Na defesa do ideal republicano, os escritores resgataram autores políticos da
Antigüidade, historiadores e juristas, e propuseram a “imitação dos antigos” ou
o renascimento da liberdade política, anterior ao surgimento do império
eclesiástico.
3.
Aquela que propunha o ideal do homem como artífice de seu próprio destino,
tanto através dos conhecimentos (astrologia, magia, alquimia), quanto através
da política (o ideal republicano), das técnicas (medicina, arquitetura,
engenharia, navegação) e das artes (pintura, escultura, literatura, teatro).
A efervescência teórica e prática
foi alimentada com as grandes descobertas marítimas, que garantiam ao homem o
conhecimento de novos mares, novos céus, novas terras e novas gentes,
permitindo-lhe ter uma visão crítica de sua própria sociedade. Essa
efervescência cultural e política levou a críticas profundas à Igreja Romana,
culminando na Reforma Protestante, baseada na idéia de liberdade de crença e de
pensamento. À Reforma a Igreja respondeu com a Contra-Reforma e com o
recrudescimento do poder da Inquisição.
Os nomes mais importantes desse
período são: Dante, Marcílio Ficino, Giordano Bruno, Campannella, Maquiavel,
Montaigne, Erasmo, Tomás Morus, Jean Bodin, Kepler e Nicolau de Cusa.
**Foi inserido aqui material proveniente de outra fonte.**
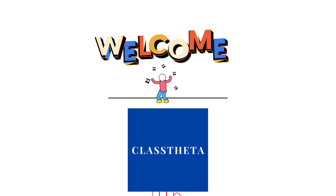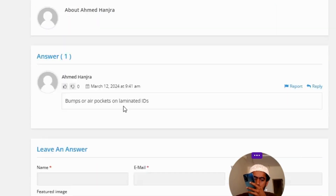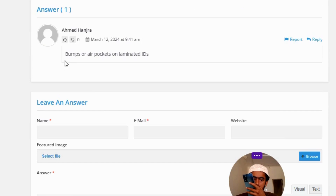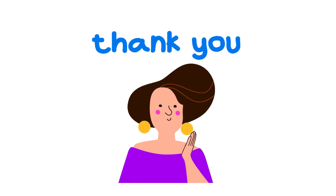Our today's question is: which of the following things may indicate an ID has been altered? The correct answer is bumps or air pockets on laminated IDs. That's the correct answer to the question.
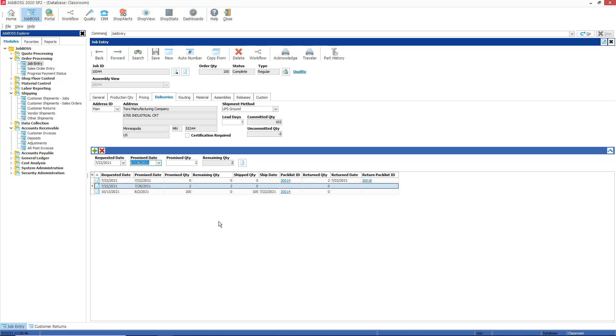Now of course I can rework this part by adding labor time to it and reworking it so it's acceptable for my customer. Once it is reworked, then I can obviously ship it back to my customer off of the job using the customer shipments jobs function.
Filosofia moderna (do século XVII a meados do século XVIII)
Esse período, conhecido como o
Grande Racionalismo Clássico, é marcado por três grandes mudanças intelectuais:
1.
Aquela conhecida como o “surgimento do sujeito do conhecimento”, isto é, a
Filosofia, em lugar de começar seu trabalho conhecendo a Natureza e Deus, para
depois referir-se ao homem, começa indagando qual é a capacidade do intelecto
humano para conhecer e demonstrar a verdade dos conhecimentos. Em outras
palavras, a Filosofia começa pela reflexão, isto é, pela volta do pensamento
sobre si mesmo para conhecer sua capacidade de conhecer.
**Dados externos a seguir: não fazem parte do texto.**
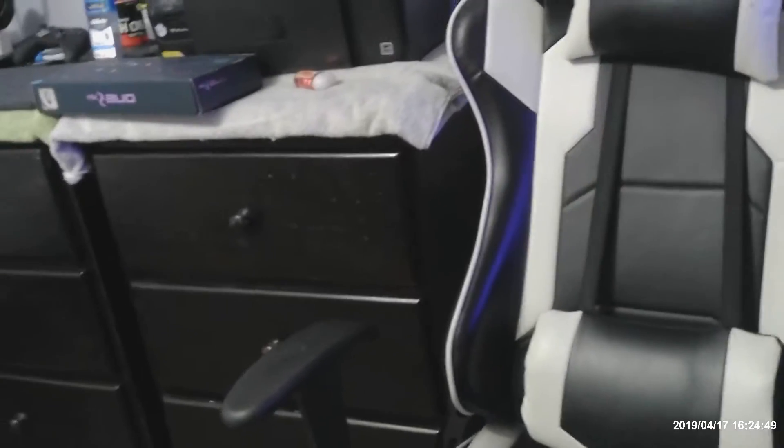But today's video, like I said, we're gonna do setup tour. I have a white gaming chair, white and black gaming chair.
O ponto de partida é o sujeito do
conhecimento como consciência de si reflexiva, isto é, como consciência que
conhece sua capacidade de conhecer. O sujeito do conhecimento é um intelecto no
interior de uma alma, cuja natureza ou substância é completamente diferente da
natureza ou substância de seu corpo e dos demais corpos exteriores.
Por isso, a segunda pergunta da
Filosofia, depois de respondida a pergunta sobre a capacidade de conhecer, é:
Como o espírito ou intelecto pode conhecer o que é diferente dele? Como pode
conhecer os corpos da Natureza?
2.
A resposta à pergunta acima constituiu a segunda grande mudança intelectual dos
modernos, e essa mudança diz respeito ao objeto do conhecimento. Para os modernos,
as coisas exteriores (a Natureza, a vida social e política) podem ser
conhecidas desde que sejam consideradas representações, ou seja, idéias ou
conceitos formulados pelo sujeito do conhecimento.
Isso significa, por um lado, que
tudo o que pode ser conhecido deve poder ser transformado num conceito ou numa
idéia clara e distinta, demonstrável e necessária, formulada pelo intelecto; e,
por outro lado, que a Natureza e a sociedade ou política podem ser inteiramente
conhecidas pelo sujeito, porque elas são inteligíveis em si mesmas, isto é, são
racionais em si mesmas e propensas a serem representadas pelas idéias do
sujeito do conhecimento.
3.
Essa concepção da realidade como intrinsecamente racional e que pode ser
plenamente captada pelas idéias e conceitos preparou a terceira grande mudança
intelectual moderna. A realidade, a partir de Galileu, é concebida como um
sistema racional de mecanismos físicos, cuja estrutura profunda e invisível é
matemática. O “livro do mundo”, diz Galileu, “está escrito em caracteres
matemáticos.”
A realidade, concebida como
sistema racional de mecanismos físico-matemáticos, deu origem à ciência
clássica, isto é, à mecânica, por meio da qual são descritos, explicados e
interpretados todos os fatos da realidade: astronomia, física, química,
psicologia, política, artes são disciplinas cujo conhecimento é de tipo
mecânico, ou seja, de relações necessárias de causa e efeito entre um agente e
um paciente.
A realidade é um sistema de
causalidades racionais rigorosas que podem ser conhecidas e transformadas pelo
homem. Nasce a idéia de experimentação e de tecnologia (conhecimento teórico
que orienta as intervenções práticas) e o ideal de que o homem poderá dominar
tecnicamente a Natureza e a sociedade.
Predomina, assim, nesse período, a
idéia de conquista científica e técnica de toda a realidade, a partir da
explicação mecânica e matemática do Universo e da invenção das máquinas, graças
às experiências físicas e químicas.
Existe também a convicção de que a
razão humana é capaz de conhecer a origem, as causas e os efeitos das paixões e
das emoções e, pela vontade orientada pelo intelecto, é capaz de governá-las e dominá-las,
de sorte que a vida ética pode ser plenamente racional.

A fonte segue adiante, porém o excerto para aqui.